Git Gud with Git
Just like Mr. Krabs protects his recipe from the evil plankton, so too must we developers safeguard the fruits of our labor, the Source Code. Git protects the project from both accidents and the natural degradation of human error and unintended consequences.
Today, git is by far the most widely used version control system, running on nearly any platform, storing all kinds of projects, and adopted by both commercial and open-source projects alike. If you plan to land a job in this industry, Git is a must.
In this post I'll explain the main concepts behind Git, and the step-by-step of the most common operations, using a visual interface called Fork.
In the next post, I'll cover working in collaboration using Git and my goal is to get you good w/ git (that's a mouthful, right?)
Table of Contents:
Version Control
In your life, you have probably left a commented block of code that you were never quite sure if you would need again, but decided to leave it just in case. Or even better, created files with some variation of: "Final", "Final(2)", "PleaseGodLetThisBeTheLastOne".

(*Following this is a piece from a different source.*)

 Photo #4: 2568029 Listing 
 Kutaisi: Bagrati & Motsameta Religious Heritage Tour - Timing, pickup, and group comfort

Version Control is a way out of these problems, without it modern software development would be chaos.
A version control system allows users to keep track of the changes in software development projects, and all the benefits that come with it, like comparing / combining / undoing these changes, and much more, all whilst keeping a safe backup of your repository, that is, the project and its history of changes.
The version control system is also a great documentation tool, providing a view of the entire history of changes of the repository (also referred to as repo), with granular information of who made the changes, when they were made, and what exactly they were.
And finally, it is a great tool for collaboration, allowing developers to work together, often in the same file, and merge their changes when needed. Each feature / developer can have their project at different points in the history of changes, and work independently of the others.
Git
There are many different version control systems, but as I said, git is the most used of them all.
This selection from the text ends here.